▸ **Work instructions**: Without the pictures, give every record again exactly.

▸ **Data shown**:
======
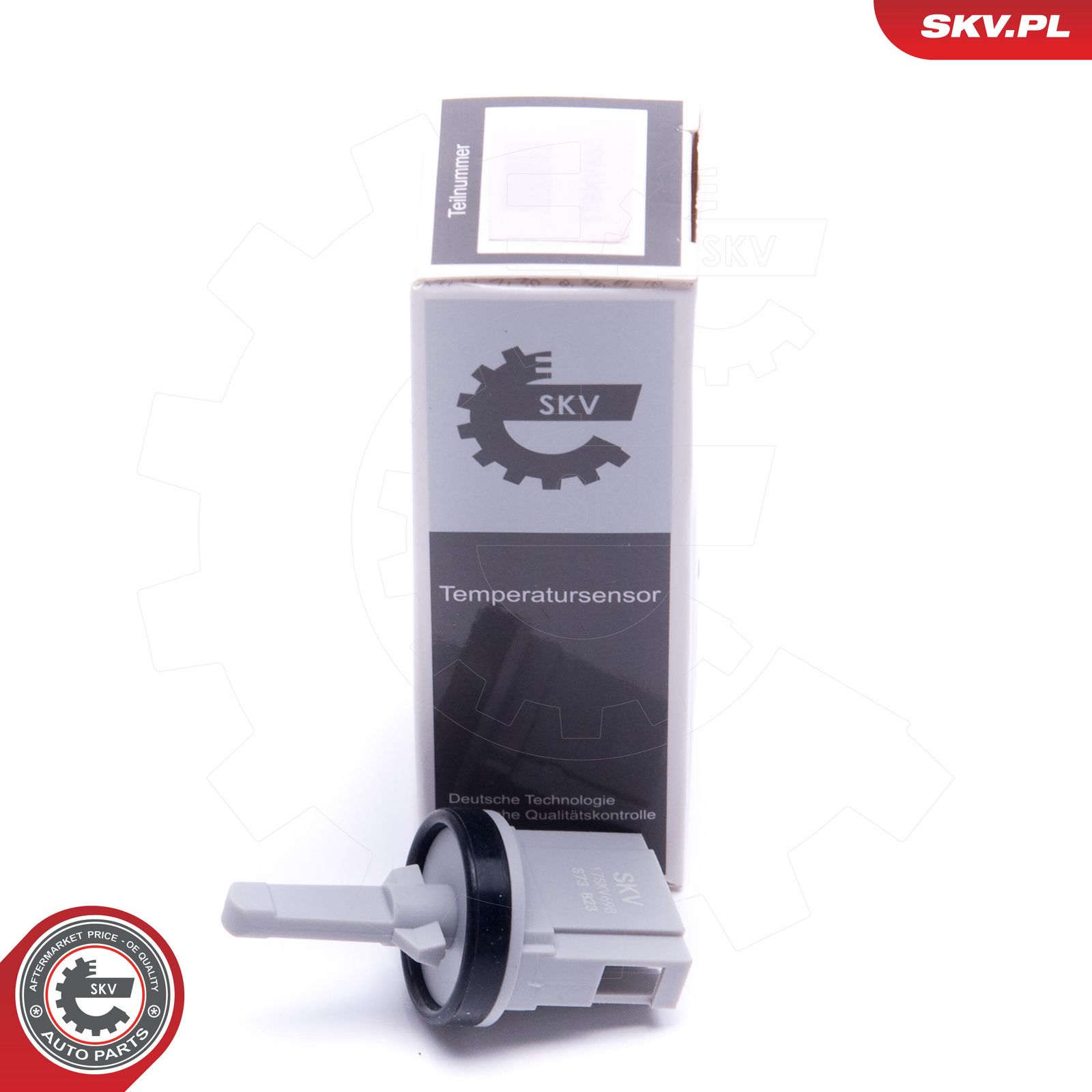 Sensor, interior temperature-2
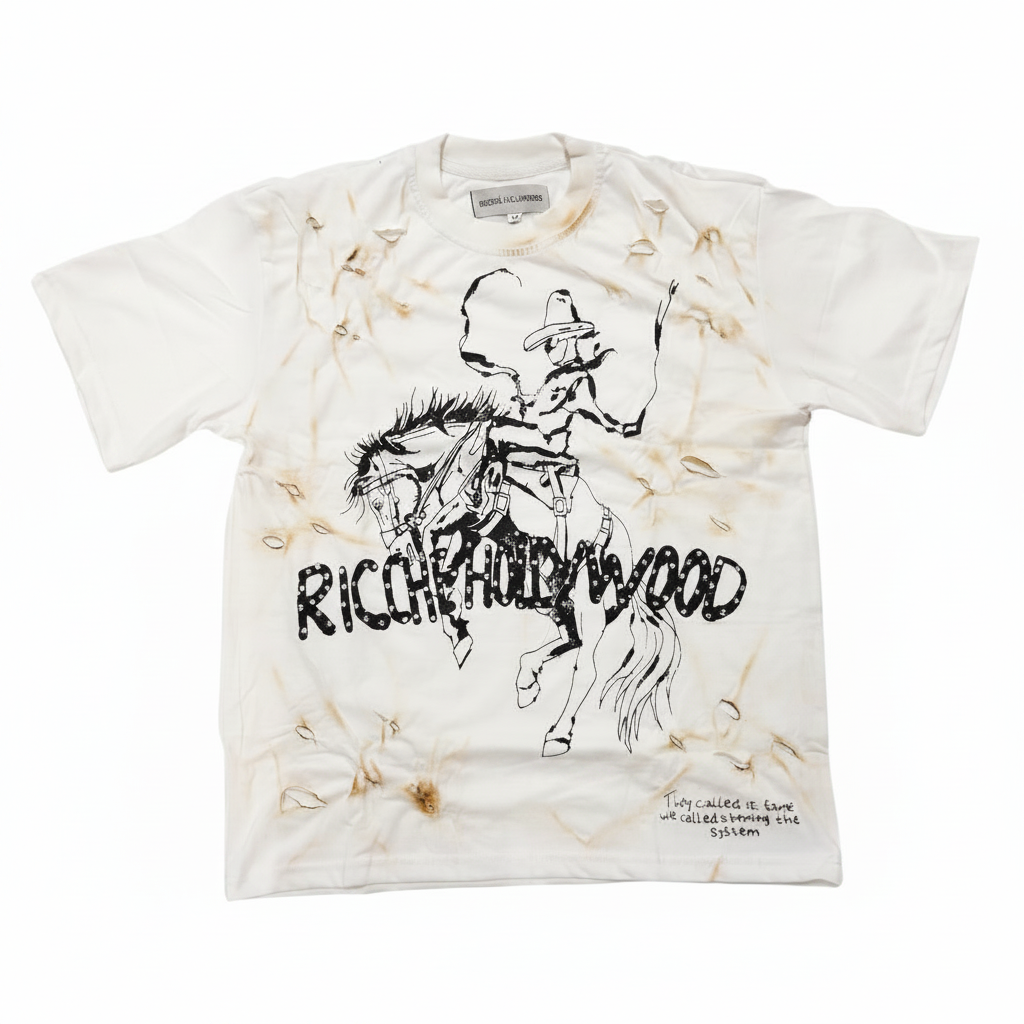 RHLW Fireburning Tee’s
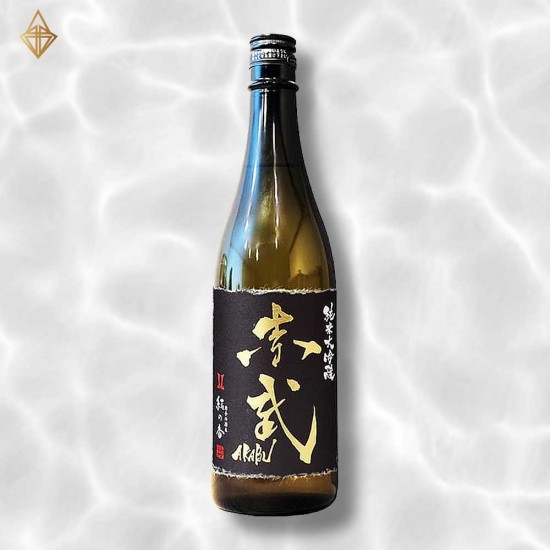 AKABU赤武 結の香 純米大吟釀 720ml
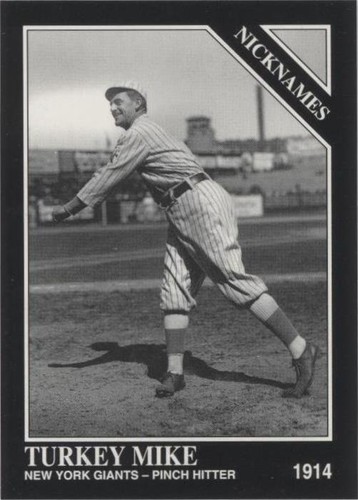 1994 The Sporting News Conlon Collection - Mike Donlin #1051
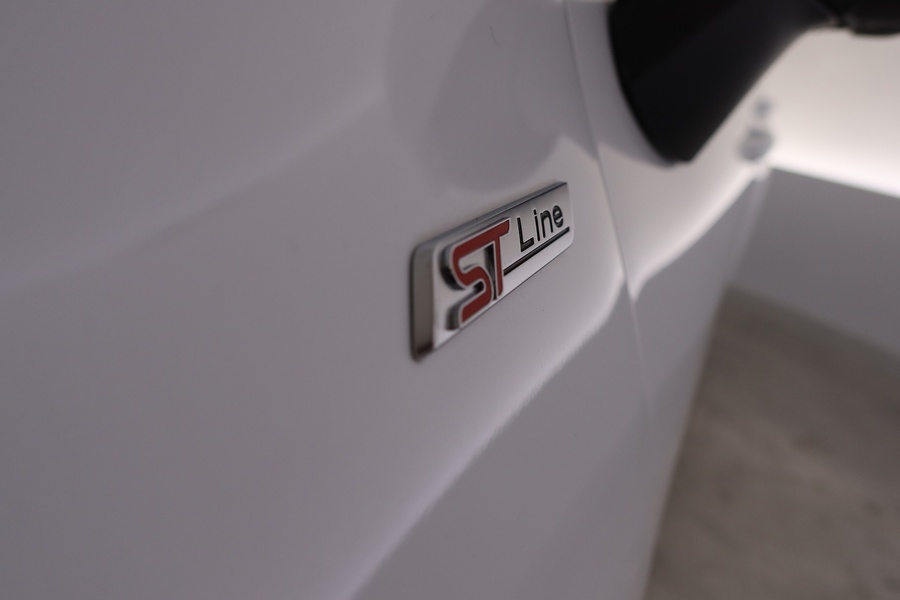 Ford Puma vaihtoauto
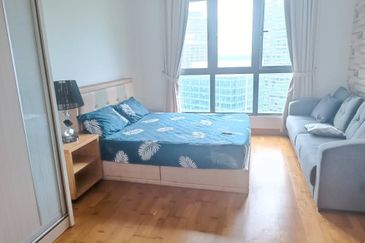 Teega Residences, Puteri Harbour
======
▸ **Finished task**:
 Sensor, interior temperature-2
 RHLW Fireburning Tee’s
 AKABU赤武 結の香 純米大吟釀 720ml
 1994 The Sporting News Conlon Collection - Mike Donlin #1051
 Ford Puma vaihtoauto
 Teega Residences, Puteri Harbour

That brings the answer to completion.